(Stored data)
★ ★ ★

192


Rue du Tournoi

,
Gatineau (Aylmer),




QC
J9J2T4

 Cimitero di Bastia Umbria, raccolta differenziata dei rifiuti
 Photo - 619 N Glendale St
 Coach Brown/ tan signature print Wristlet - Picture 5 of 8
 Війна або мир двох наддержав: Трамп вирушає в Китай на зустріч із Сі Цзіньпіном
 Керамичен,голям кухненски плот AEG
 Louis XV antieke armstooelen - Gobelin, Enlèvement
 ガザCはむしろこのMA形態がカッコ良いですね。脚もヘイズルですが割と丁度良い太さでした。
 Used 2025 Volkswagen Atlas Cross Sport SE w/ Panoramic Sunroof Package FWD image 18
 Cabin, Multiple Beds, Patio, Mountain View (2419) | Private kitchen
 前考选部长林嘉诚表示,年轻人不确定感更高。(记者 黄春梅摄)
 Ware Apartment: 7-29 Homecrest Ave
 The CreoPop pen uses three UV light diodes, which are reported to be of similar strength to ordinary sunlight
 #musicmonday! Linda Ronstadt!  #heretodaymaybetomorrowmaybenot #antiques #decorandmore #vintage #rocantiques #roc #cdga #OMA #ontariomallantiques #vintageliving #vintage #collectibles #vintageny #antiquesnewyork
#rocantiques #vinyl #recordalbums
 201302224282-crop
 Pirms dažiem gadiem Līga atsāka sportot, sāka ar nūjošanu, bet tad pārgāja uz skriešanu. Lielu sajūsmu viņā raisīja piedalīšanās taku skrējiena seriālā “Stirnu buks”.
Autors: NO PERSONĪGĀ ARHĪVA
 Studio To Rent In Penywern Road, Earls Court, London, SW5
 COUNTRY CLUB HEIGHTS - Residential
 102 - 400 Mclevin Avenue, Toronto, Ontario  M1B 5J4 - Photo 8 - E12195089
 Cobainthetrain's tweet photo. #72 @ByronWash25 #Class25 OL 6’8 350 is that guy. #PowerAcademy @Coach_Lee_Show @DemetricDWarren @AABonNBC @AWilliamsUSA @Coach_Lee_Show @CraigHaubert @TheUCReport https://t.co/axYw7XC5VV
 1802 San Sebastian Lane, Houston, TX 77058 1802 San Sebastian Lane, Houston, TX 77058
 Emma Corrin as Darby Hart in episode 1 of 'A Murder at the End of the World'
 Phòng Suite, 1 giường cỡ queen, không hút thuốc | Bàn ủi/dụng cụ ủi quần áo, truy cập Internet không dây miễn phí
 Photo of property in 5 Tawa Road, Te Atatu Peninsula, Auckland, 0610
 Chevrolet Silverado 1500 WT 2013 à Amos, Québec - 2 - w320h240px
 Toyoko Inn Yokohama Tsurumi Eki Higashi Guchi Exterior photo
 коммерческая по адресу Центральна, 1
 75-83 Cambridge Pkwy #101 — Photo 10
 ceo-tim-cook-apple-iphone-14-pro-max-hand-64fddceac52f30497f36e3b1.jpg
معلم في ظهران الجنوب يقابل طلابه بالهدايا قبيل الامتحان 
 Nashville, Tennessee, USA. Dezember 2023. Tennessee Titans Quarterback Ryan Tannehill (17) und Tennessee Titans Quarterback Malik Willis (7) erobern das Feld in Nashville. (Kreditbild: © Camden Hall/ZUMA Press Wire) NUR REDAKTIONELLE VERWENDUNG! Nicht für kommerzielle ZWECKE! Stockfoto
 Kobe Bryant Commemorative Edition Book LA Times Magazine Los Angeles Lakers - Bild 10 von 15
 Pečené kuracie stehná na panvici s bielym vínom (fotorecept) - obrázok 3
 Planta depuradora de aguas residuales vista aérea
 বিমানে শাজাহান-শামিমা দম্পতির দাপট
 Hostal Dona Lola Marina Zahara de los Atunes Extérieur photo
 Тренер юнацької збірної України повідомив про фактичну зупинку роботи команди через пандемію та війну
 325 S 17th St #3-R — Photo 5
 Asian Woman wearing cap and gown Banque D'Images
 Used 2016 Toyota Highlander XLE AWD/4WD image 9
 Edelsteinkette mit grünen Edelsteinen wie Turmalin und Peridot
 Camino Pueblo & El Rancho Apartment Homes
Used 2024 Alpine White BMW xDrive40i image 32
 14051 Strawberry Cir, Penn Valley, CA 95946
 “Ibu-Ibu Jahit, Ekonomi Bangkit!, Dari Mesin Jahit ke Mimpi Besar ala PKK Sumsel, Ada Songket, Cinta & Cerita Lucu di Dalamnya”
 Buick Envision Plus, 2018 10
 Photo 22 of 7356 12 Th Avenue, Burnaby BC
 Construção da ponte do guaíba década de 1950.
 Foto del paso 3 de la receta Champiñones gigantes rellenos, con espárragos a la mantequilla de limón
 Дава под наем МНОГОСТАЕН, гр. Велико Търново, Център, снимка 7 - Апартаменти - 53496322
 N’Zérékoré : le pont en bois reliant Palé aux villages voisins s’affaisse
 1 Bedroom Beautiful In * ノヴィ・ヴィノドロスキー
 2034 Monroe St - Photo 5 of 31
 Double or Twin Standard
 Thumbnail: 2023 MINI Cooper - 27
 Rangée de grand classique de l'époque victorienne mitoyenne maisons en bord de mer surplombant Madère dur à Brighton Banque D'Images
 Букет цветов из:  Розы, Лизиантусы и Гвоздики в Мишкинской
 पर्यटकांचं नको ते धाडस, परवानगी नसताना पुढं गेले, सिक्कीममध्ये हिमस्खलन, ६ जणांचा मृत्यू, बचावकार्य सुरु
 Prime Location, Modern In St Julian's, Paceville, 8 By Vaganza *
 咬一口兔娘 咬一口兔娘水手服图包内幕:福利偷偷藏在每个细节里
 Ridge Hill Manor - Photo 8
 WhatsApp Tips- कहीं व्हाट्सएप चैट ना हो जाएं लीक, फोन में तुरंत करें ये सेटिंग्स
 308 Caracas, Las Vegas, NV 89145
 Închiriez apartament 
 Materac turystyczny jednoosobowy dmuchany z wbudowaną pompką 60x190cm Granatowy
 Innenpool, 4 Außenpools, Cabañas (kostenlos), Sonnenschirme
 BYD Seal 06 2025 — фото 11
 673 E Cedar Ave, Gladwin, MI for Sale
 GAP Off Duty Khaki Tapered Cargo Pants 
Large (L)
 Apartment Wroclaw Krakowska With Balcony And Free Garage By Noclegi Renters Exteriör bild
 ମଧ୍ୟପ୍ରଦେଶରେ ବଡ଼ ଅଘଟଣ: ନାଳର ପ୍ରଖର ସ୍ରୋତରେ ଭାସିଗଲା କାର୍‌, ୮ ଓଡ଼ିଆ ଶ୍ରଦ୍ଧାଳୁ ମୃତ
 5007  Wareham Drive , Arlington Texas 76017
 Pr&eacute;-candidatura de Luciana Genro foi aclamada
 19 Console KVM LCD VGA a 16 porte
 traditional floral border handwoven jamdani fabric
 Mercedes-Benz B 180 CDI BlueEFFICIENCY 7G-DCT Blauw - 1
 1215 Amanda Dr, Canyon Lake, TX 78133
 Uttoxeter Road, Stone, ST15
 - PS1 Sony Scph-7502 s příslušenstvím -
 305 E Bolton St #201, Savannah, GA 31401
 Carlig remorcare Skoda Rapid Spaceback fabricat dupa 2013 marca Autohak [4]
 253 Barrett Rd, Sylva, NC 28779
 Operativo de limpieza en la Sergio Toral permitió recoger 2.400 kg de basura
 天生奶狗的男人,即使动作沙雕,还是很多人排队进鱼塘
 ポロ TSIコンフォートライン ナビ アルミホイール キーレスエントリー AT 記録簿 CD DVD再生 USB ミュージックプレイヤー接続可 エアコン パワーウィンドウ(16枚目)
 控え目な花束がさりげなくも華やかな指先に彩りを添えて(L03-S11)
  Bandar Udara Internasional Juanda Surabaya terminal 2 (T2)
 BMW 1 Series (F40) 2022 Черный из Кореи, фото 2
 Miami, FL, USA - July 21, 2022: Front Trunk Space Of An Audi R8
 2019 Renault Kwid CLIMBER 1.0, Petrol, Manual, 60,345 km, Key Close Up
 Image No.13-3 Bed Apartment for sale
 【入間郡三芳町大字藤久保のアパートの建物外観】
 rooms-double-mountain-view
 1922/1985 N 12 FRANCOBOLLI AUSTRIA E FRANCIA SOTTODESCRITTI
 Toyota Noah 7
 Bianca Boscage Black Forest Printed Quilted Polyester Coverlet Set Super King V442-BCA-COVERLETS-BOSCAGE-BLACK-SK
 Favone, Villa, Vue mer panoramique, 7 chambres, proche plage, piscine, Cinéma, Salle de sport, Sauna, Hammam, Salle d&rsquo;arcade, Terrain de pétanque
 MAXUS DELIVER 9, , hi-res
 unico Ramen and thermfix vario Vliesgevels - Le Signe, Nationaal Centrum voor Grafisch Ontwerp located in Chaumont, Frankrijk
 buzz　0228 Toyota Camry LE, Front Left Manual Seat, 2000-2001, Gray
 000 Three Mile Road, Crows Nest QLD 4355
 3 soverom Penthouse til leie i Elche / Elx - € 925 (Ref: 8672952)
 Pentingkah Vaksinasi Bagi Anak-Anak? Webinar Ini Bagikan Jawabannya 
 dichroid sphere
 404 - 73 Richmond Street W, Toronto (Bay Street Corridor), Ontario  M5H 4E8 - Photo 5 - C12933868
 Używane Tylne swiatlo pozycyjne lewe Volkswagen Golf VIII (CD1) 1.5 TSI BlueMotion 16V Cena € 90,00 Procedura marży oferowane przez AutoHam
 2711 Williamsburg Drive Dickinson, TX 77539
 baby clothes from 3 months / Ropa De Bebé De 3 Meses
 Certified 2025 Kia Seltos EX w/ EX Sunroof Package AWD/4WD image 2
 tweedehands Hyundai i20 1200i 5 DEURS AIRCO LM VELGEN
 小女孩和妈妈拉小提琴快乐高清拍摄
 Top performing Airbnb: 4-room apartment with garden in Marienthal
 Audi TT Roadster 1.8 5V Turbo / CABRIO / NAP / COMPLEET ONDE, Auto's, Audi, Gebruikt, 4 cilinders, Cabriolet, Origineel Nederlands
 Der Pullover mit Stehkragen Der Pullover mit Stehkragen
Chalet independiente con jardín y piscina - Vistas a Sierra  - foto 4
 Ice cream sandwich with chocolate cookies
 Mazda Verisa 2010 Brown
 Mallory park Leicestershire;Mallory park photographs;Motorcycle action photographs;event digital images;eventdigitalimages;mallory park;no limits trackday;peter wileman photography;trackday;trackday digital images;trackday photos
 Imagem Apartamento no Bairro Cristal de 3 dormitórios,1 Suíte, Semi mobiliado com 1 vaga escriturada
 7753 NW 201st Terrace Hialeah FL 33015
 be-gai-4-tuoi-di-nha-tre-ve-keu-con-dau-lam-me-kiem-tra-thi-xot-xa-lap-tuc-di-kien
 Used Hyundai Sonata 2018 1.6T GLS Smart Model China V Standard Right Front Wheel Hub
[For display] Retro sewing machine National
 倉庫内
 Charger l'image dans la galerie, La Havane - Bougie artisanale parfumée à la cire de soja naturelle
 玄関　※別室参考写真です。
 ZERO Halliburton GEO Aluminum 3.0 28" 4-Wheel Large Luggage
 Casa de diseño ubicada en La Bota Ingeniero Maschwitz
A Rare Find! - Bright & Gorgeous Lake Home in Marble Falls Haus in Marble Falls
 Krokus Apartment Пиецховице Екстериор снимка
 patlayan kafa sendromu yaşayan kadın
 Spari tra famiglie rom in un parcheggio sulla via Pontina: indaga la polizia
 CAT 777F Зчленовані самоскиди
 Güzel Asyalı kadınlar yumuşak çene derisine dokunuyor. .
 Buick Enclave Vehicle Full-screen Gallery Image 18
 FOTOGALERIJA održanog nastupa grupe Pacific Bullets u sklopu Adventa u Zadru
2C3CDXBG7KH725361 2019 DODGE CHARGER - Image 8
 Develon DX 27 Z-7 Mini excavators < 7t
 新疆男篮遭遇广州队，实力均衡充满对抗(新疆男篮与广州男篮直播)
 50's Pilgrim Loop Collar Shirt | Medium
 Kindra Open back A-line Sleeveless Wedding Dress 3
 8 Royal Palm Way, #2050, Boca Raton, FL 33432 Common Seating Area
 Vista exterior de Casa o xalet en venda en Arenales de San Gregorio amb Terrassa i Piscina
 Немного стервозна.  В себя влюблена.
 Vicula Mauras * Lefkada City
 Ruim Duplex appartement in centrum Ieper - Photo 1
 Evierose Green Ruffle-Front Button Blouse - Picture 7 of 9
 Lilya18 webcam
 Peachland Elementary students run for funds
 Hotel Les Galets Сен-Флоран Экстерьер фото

★ ★ ★

What you have to do — The answer must be the lines from the one containing "Kindra Open back" to the final line of the data above, copied exactly, both included, with nothing added.

Expected output —
 Kindra Open back A-line Sleeveless Wedding Dress 3
 8 Royal Palm Way, #2050, Boca Raton, FL 33432 Common Seating Area
 Vista exterior de Casa o xalet en venda en Arenales de San Gregorio amb Terrassa i Piscina
 Немного стервозна.  В себя влюблена.
 Vicula Mauras * Lefkada City
 Ruim Duplex appartement in centrum Ieper - Photo 1
 Evierose Green Ruffle-Front Button Blouse - Picture 7 of 9
 Lilya18 webcam
 Peachland Elementary students run for funds
 Hotel Les Galets Сен-Флоран Экстерьер фото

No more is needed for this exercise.